Stanley Rosen (b. 1926) came of age as an artist working in clay in the 1950s and 1960s, a period of time in which craft experienced an explosion of creative growth in the US. Within this context, ceramics was transformed from a practice devoted to the production of utilitarian objects to one that embraced clay as a medium of sculpture. The works on view, created by Rosen between 1959 and 1967, are excellent examples of this expansion of the field of ceramics into the realm of fine art. This new addition to MAD’s permanent collection complements and deepens the Museum’s distinctive holdings in mid-century craft.
Stanley Rosen’s interest in clay as a medium of sculpture was shared by many other ceramists of his generation, including Peter Voulkos, whose transition from potter to ceramic sculptor is explored in Voulkos: The Breakthrough Years.

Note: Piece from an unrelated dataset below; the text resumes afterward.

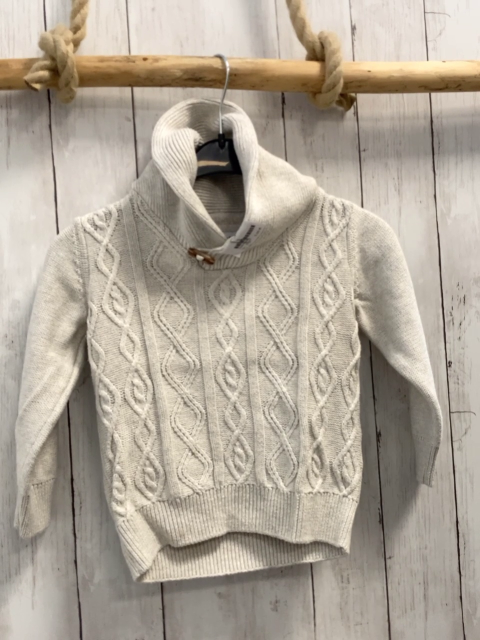  Pullover Gr. 104  grau großer Kragen Strick Zöpfe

Writing about this exciting new direction in ceramic practice for the magazine Craft Horizons in 1961—an essay that reproduced a work by Rosen very similar to Untitled #32 (1959)—critic Rose Slivka emphasized the new attention to surface texture, the departure from conventional ceramic forms, and a more improvisational method of making as key to “giving the inherent nature of [clay] greater freedom to assert its possibilities” as a medium of art. All of these elements as well as an awareness of ceramic traditions outside of Western Europe—from Japan to Africa—are evident in Rosen’s work.
Stanley Rosen earned a BFA from Rhode Island School of Design, and a MFA from Alfred University. Between 1956 and 1959 he was the studio manager at the legendary Greenwich House Pottery in New York City, and in 1960 he joined the art faculty at Bennington College in Vermont, where he led the ceramics department for many years. Beyond his important contribution to the field of ceramic sculpture, Rosen was also a gifted teacher, inspiring several generations of ceramic artists.